酒向:うーん、バリバリ稼ぐっていうより、「ちゃんと稼ぎたい」っていう感じですかね。

女性だから、男性だから、関係なく、仕事で発揮した価値に対しては正当な報酬をもらいたい、という感じです。なので、「女だから稼ぎはそこそこでいいでしょ」とも思っていないというか。

治部れんげ(じぶ れんげ)/フリージャーナリスト。昭和女子大学現代ビジネス研究所研究員。1997年一橋大学法学部卒業後、日経BP社入社。経済誌の記者・編集者を務める。2014年からフリーに。国内外の共働き子育て事情について調査、執筆、講演などを行う。著書『稼ぐ妻・育てる夫―夫婦の戦略的役割交換』(勁草書房)、『ふたりの子育てルール』(PHP研究所)、『炎上しない企業情報発信 ジェンダーはビジネスの新教養である』(日本経済新聞出版社)など(写真:Woman type)

治部:私が20代だった頃なんかは、独身時代はほどほどに稼いで結婚してって考えている女性が多かった。「結婚さえすれば、より良い生活が待っている」みたいな幻想をみんなが持っていたんですよ。

そもそもキャリアの選択肢がかなり少なかったっていう社会構造上の問題もありますけどね。

ちなみに、酒向さんの世代にもそういう結婚幻想のようなものはあるんでしょうか?

酒向:私の身近な人たちではあまりないかもしれませんが、一部の人の中ではまだあるような気がしますね。

あと、結婚したら男性に大黒柱になってほしいって考える女性もまだまだいるはず。

先ほど治部さんも仰っていましたけど、自分が育った家庭に影響を受けるところが大きいんだと思います。

治部:経済的なことって、よその家庭の事例が見えにくいっていうのもありますしね。

お母さんみたいになれないけど…

――今の20代の親世代は、お母さんが専業主婦だった家庭が多いはずですよね。働いていたとしても、自営業か、パートやアルバイトで。

酒向:私は1994年生まれですが、まさにそうでしたね。母親はパートタイムで働いていたので、学校から帰る頃にはいつも家にいてくれました。

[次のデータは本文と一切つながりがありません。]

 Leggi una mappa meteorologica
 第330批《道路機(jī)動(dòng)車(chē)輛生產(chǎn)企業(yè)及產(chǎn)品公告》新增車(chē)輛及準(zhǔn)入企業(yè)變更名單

酒向さんの父親が仕事から帰ってくるのはいつも深夜。平日に顔を見た記憶がほとんどない(写真:Woman type)

治部:酒向さんは自分のお母さんみたいになりたいと思いますか?

酒向:うーん、なりたいというか……。お母さんがいつも家にいてくれたことはありがたかったから、「自分はお母さんみたいになれないけど、それでいいのかな」とは考えてしまうことはありますね。

治部:お父さんみたいになるのはダメですか?

酒向:うちの父はものすごく長時間労働だったんで、嫌ですね(笑)

一家の大黒柱としてめちゃくちゃ働いていました。いつも帰ってくるのは深夜だし、私が朝起きる頃にはもう出社していたから、平日はほとんど顔を見た記憶がありません。